Mesh-Informed Reduced Order Models for Aneurysm Rupture Risk Prediction
Giuseppe Alessio D'Inverno, Saeid Moradizadeh, Sajad Salavatidezfouli, Pasquale Claudio Africa, Gianluigi Rozza
TL;DR
The study tackles real-time rupture risk prediction for thoracic aortic aneurysms by marrying full-order CFD with a graph-based surrogate: a mesh-informed reduced-order model using Graph Neural Networks to predict $WSS$ and $OSI$ across growth stages. It uses a non-Newtonian Casson fluid in a time-dependent incompressible Navier–Stokes framework with transitional $k-\omega$ SST turbulence, solved on FV meshes, and trains GNNs on surface graphs derived from FV discretizations. Interpolation (25%/50%/100% vs 75% test) and extrapolation (25%/50%/75% to 100%) tasks show the Graph Transformer-based GNN accurately tracks peaks and general trends, with OSI errors up to $0.5$ in interpolation and as low as $0.08$ in extrapolation, and demonstrates clinically relevant agreement when applying a rupture-risk OSI threshold of $0.3$. This framework offers fast, mesh-agnostic predictions suitable for clinical decision support, while acknowledging limitations such as lack of SE3 equivariance and single-patient data, and proposing directions like Temporal GNNs and multi-patient validation for broader generalization.
Abstract
The complexity of the cardiovascular system needs to be accurately reproduced in order to promptly acknowledge health conditions; to this aim, advanced multifidelity and multiphysics numerical models are crucial. On one side, Full Order Models (FOMs) deliver accurate hemodynamic assessments, but their high computational demands hinder their real-time clinical application. In contrast, Reduced Order Models (ROMs) provide more efficient yet accurate solutions, essential for personalized healthcare and timely clinical decision-making. In this work, we explore the application of computational fluid dynamics (CFD) in cardiovascular medicine by integrating FOMs with ROMs for predicting the risk of aortic aneurysm growth and rupture. Wall Shear Stress (WSS) and the Oscillatory Shear Index (OSI), sampled at different growth stages of the thoracic aortic aneurysm, are predicted by means of Graph Neural Networks (GNNs).
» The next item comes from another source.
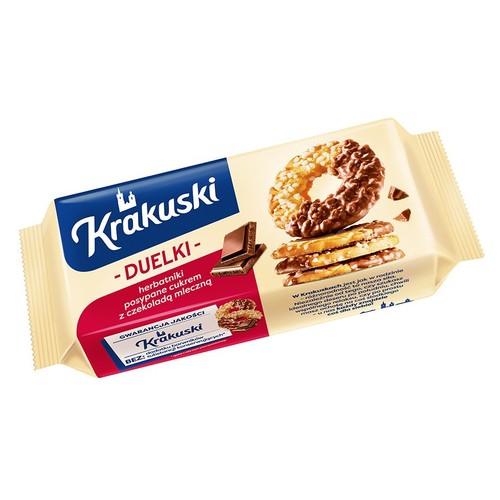 Herbatniki posypane cukre z czekolada mleczną Krakuski 181 g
GNNs exploit the natural graph structure of the mesh obtained by the Finite Volume (FV) discretization, taking into account the spatial local information, regardless of the dimension of the input graph. Our experimental validation framework yields promising results, confirming our method as a valid alternative that overcomes the curse of dimensionality.